** Problem description **
Quote, exactly, the line holding "people shopping at a flea market" and all lines after it to the end of the records below. Exclude pictures.
───── Given data ─────
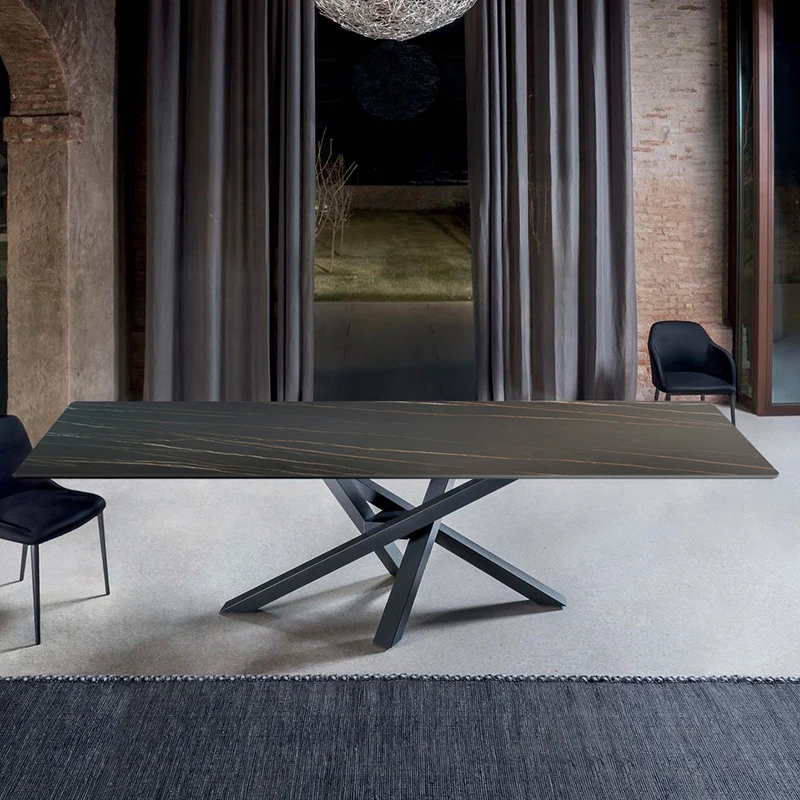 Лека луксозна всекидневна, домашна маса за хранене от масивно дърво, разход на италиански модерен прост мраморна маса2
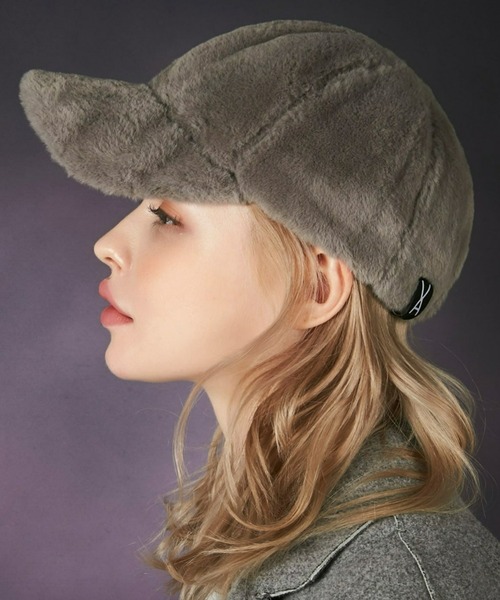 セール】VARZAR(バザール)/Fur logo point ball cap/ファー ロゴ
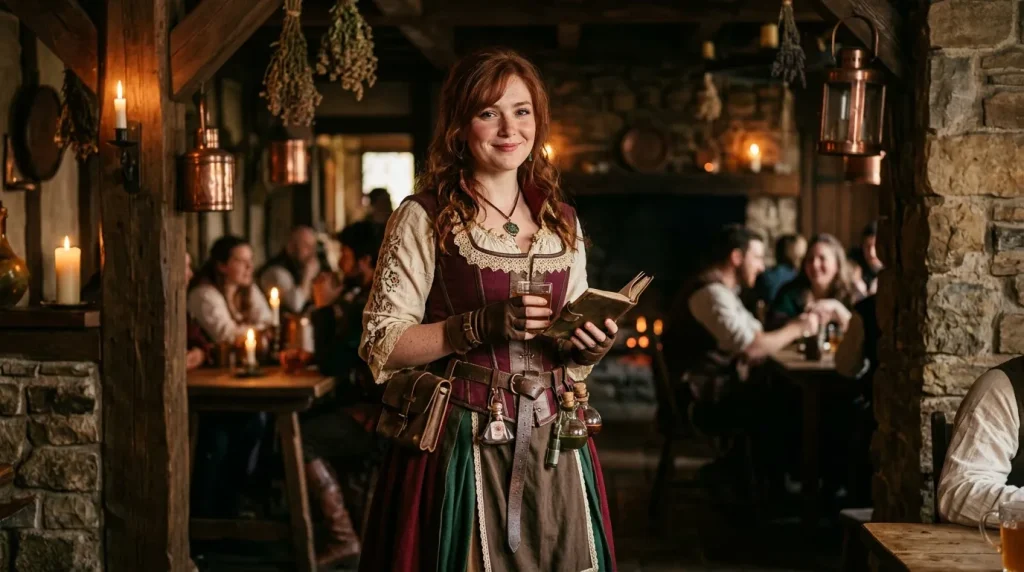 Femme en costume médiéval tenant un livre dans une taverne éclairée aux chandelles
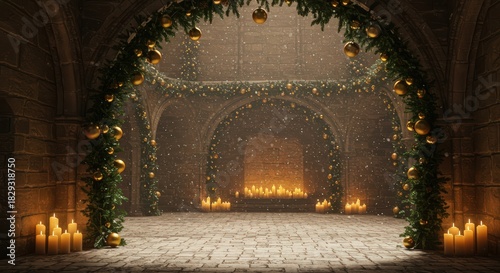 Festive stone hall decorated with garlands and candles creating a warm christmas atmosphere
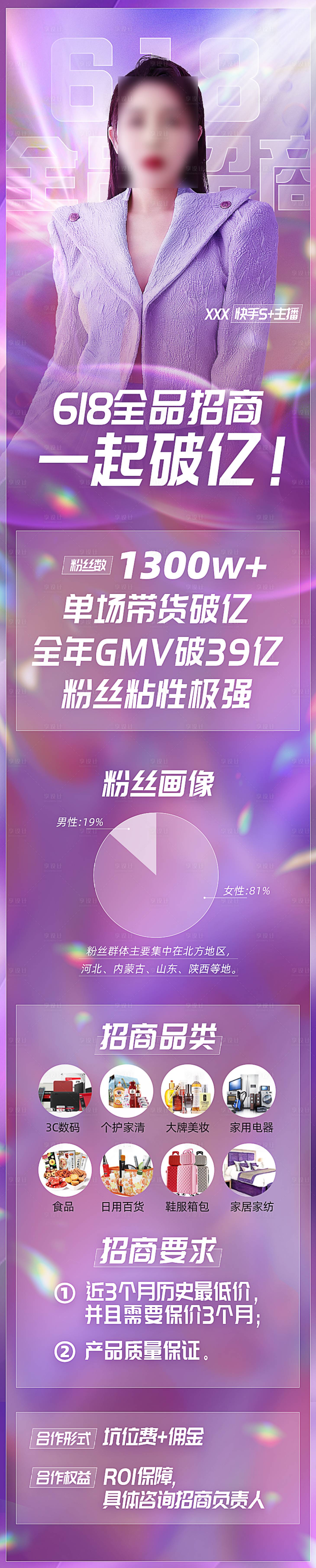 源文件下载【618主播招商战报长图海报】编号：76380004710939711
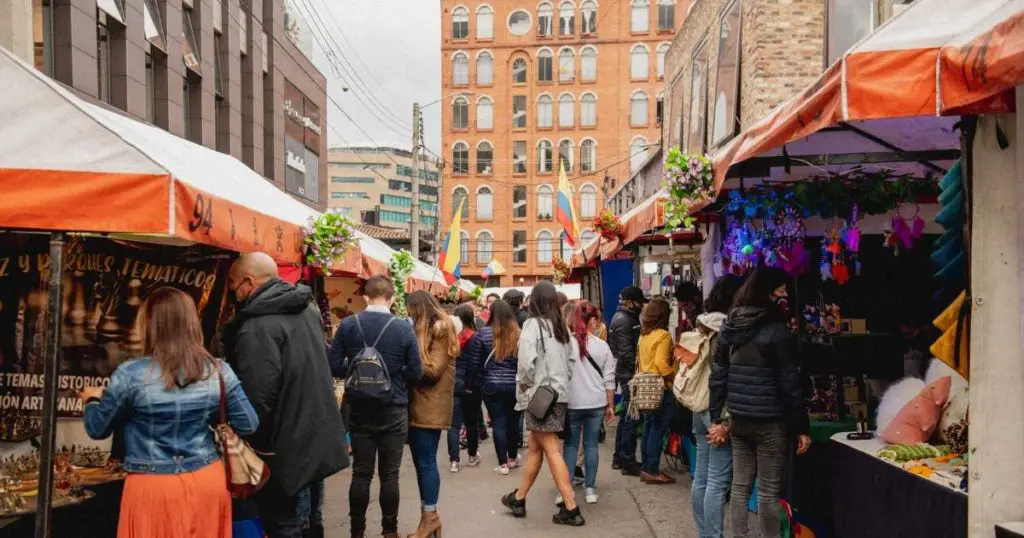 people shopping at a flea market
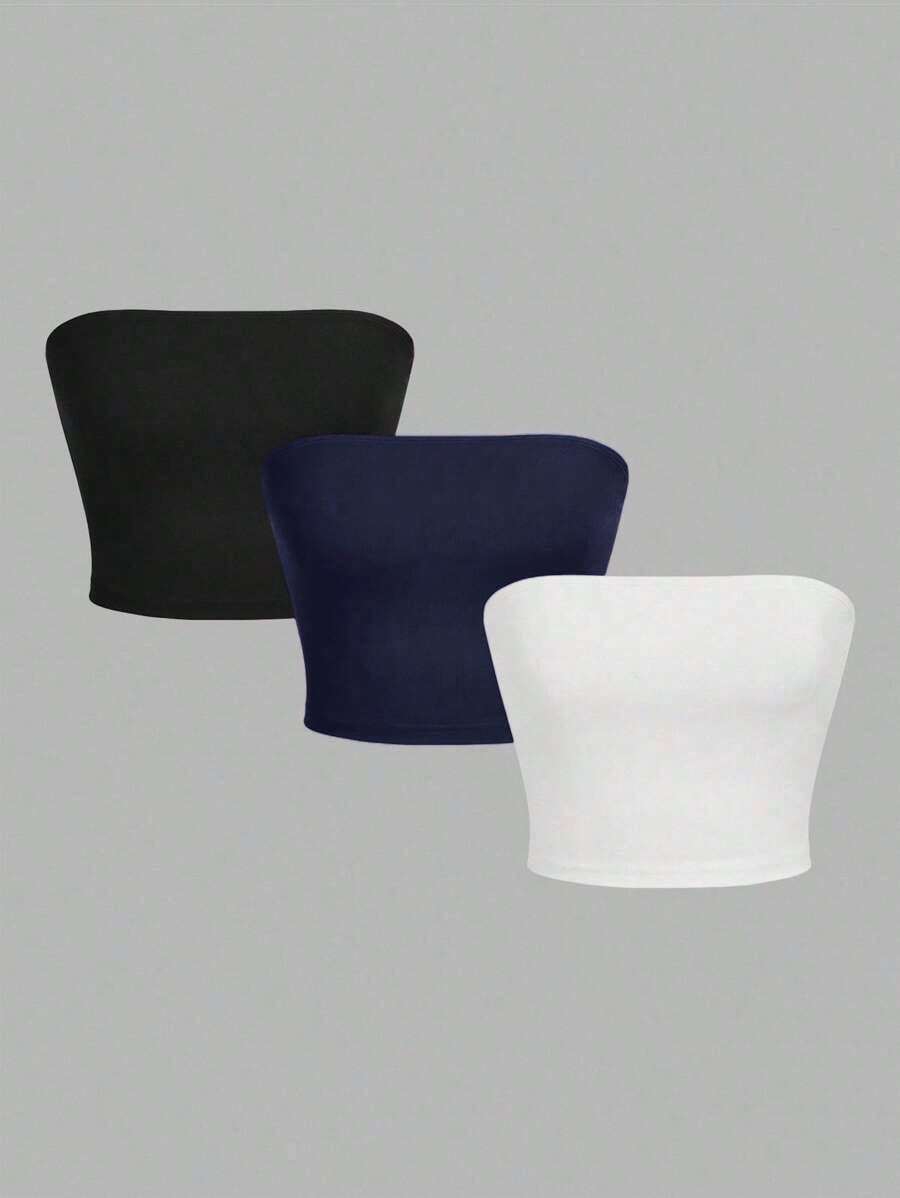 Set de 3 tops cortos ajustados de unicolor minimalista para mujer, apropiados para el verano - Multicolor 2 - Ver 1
─────
** Exercise output **
 people shopping at a flea market
 Set de 3 tops cortos ajustados de unicolor minimalista para mujer, apropiados para el verano - Multicolor 2 - Ver 1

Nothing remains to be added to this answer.